(MATERIALS PROVIDED)
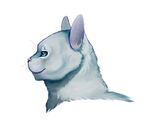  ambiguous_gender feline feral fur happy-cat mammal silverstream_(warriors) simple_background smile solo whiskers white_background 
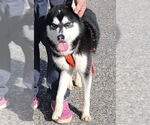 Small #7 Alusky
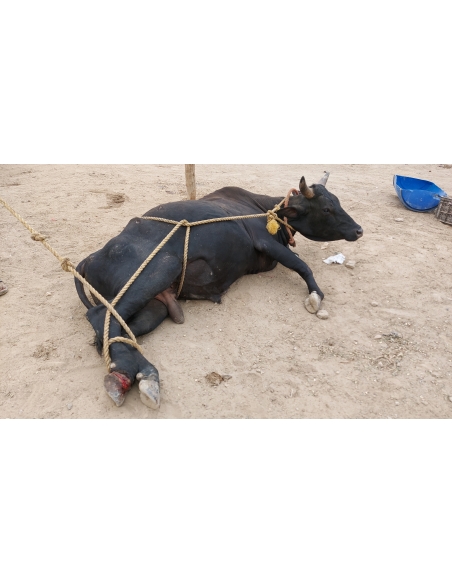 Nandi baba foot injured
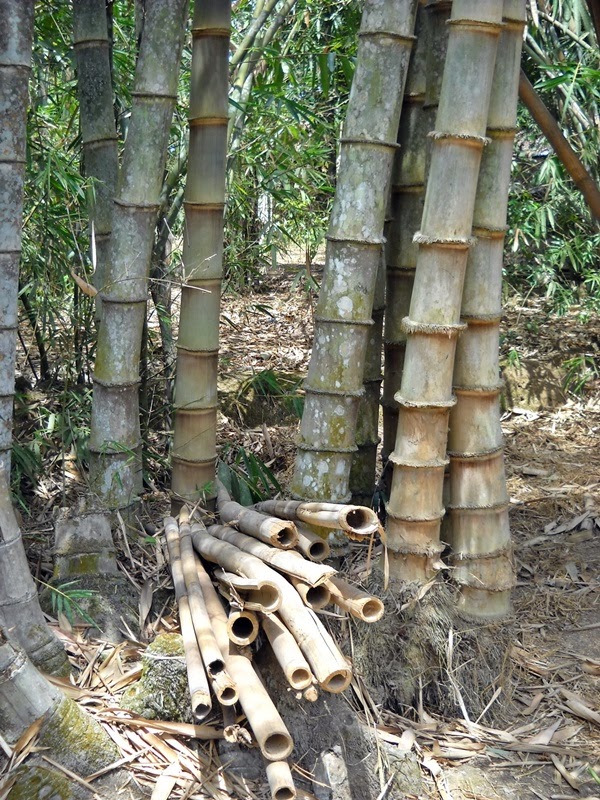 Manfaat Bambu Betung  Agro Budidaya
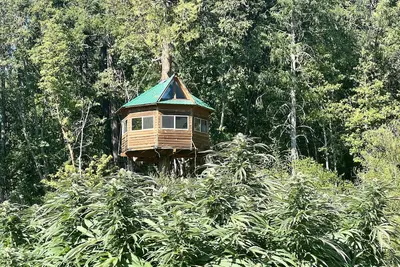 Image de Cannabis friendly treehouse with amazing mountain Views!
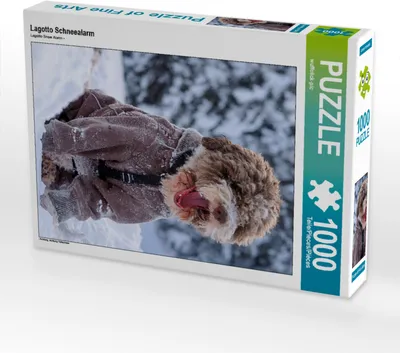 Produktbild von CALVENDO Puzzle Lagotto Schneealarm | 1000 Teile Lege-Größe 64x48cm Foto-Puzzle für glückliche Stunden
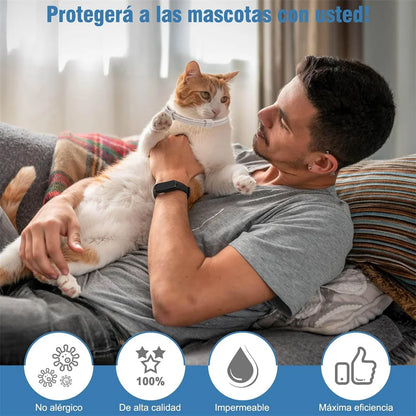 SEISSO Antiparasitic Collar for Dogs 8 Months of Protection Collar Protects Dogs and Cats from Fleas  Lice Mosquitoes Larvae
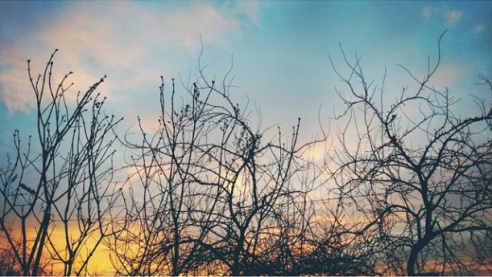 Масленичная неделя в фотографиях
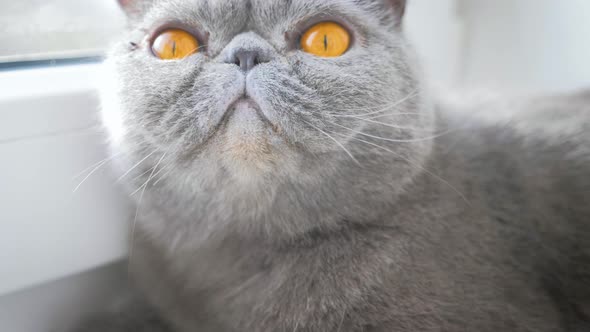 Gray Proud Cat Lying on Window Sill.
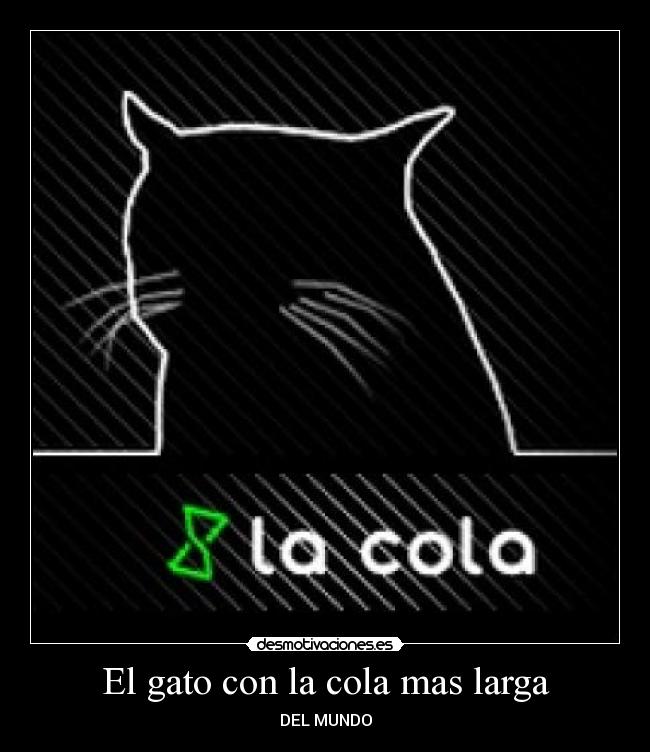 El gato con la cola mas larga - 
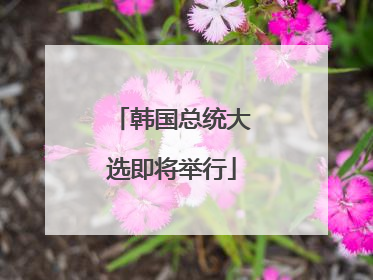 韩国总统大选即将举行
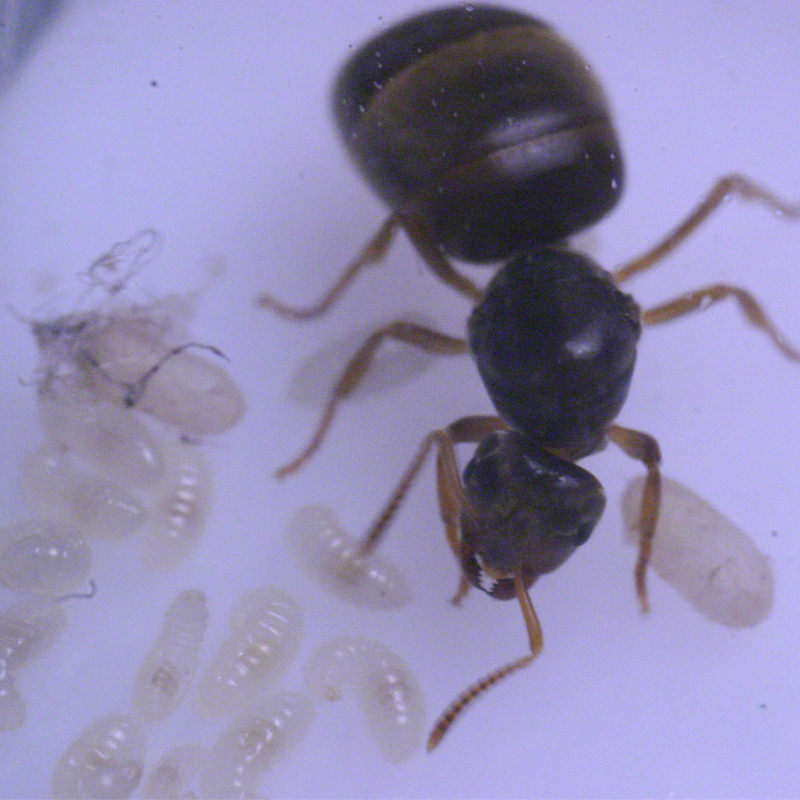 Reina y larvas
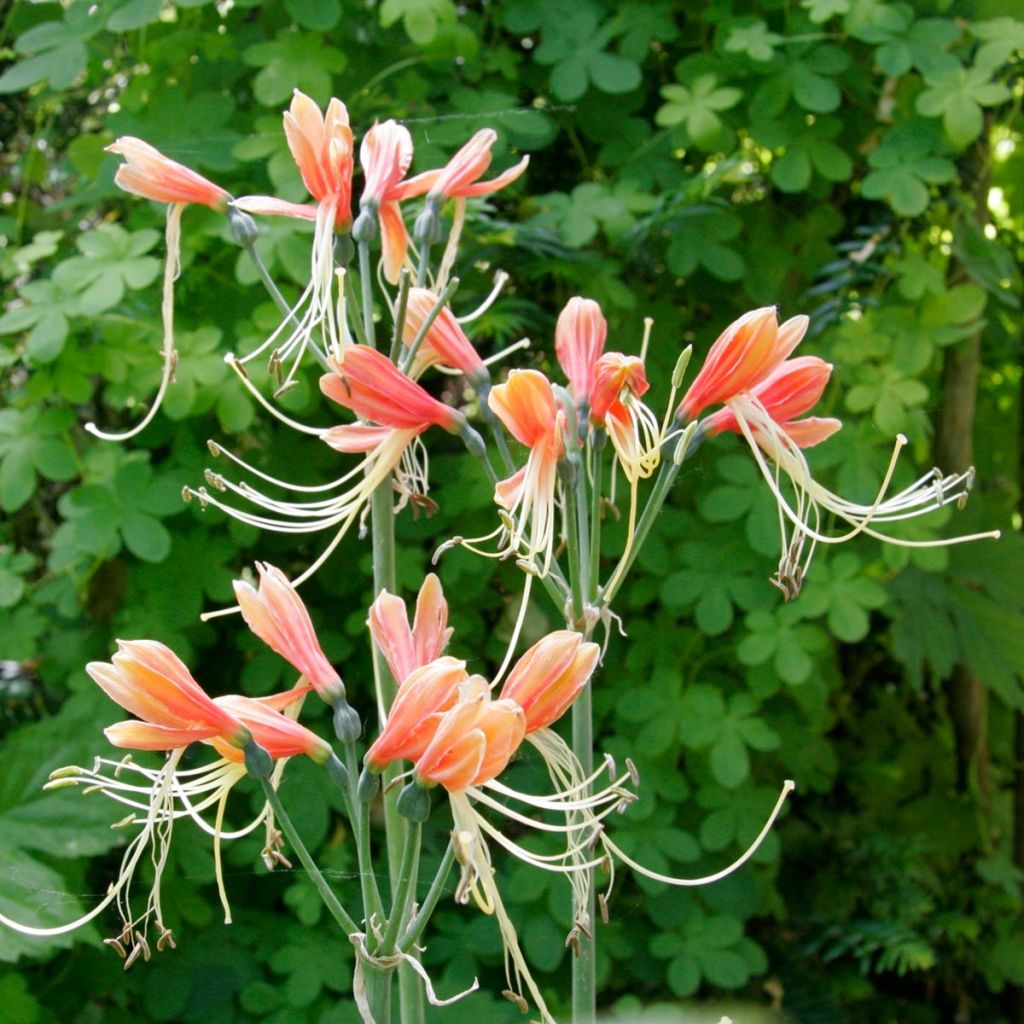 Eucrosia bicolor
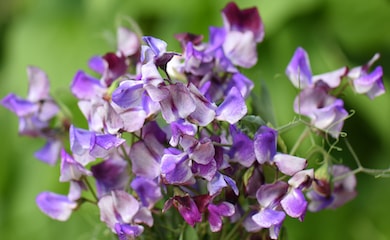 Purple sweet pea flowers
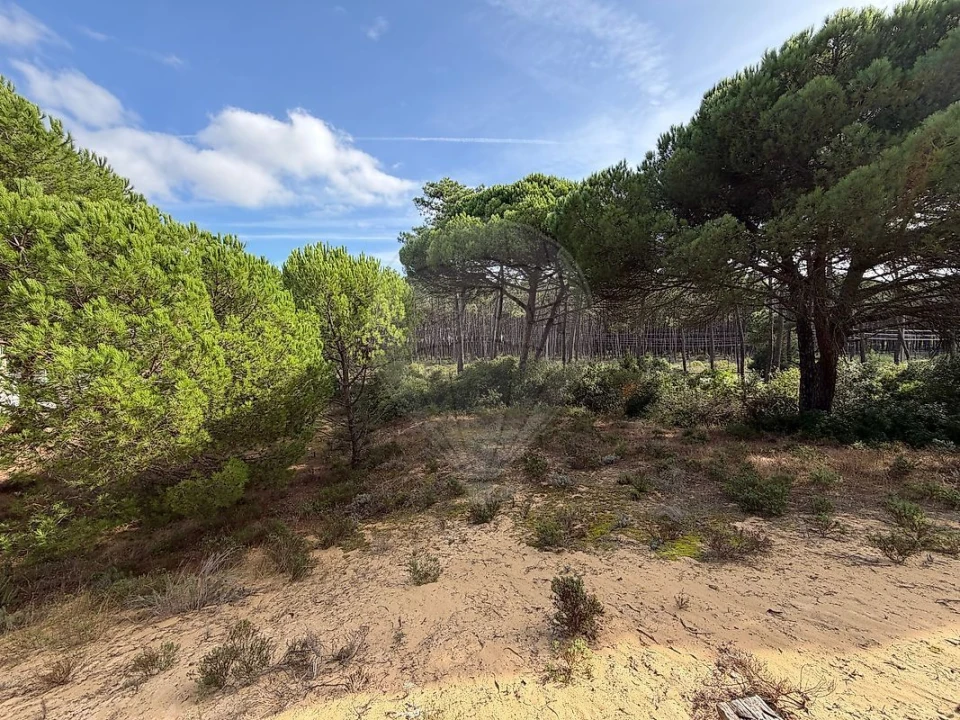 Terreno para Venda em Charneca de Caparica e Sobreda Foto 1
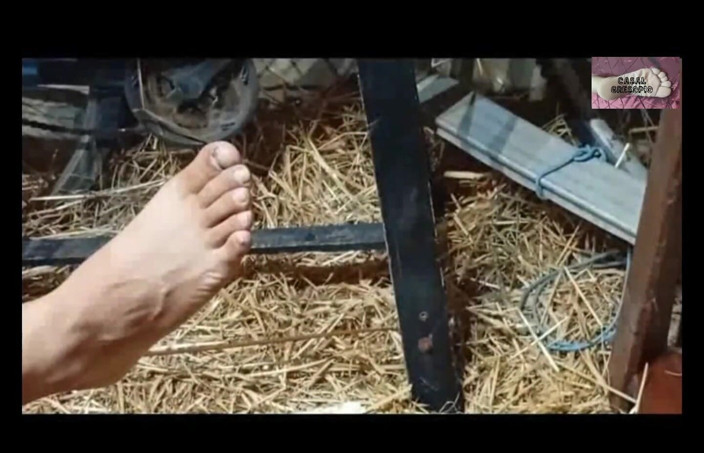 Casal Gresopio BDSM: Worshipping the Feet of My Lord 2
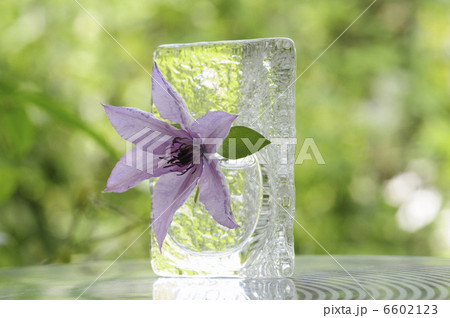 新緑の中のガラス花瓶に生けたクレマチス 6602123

(PROBLEM)
Copy out every entry above verbatim. Leave each picture out.

(RESULT OF THE EXERCISE)
  ambiguous_gender feline feral fur happy-cat mammal silverstream_(warriors) simple_background smile solo whiskers white_background 
 Small #7 Alusky
 Nandi baba foot injured
 Manfaat Bambu Betung  Agro Budidaya
 Image de Cannabis friendly treehouse with amazing mountain Views!
 Produktbild von CALVENDO Puzzle Lagotto Schneealarm | 1000 Teile Lege-Größe 64x48cm Foto-Puzzle für glückliche Stunden
 SEISSO Antiparasitic Collar for Dogs 8 Months of Protection Collar Protects Dogs and Cats from Fleas  Lice Mosquitoes Larvae
 Масленичная неделя в фотографиях
 Gray Proud Cat Lying on Window Sill.
 El gato con la cola mas larga - 
 韩国总统大选即将举行
 Reina y larvas
 Eucrosia bicolor
 Purple sweet pea flowers
 Terreno para Venda em Charneca de Caparica e Sobreda Foto 1
 Casal Gresopio BDSM: Worshipping the Feet of My Lord 2
 新緑の中のガラス花瓶に生けたクレマチス 6602123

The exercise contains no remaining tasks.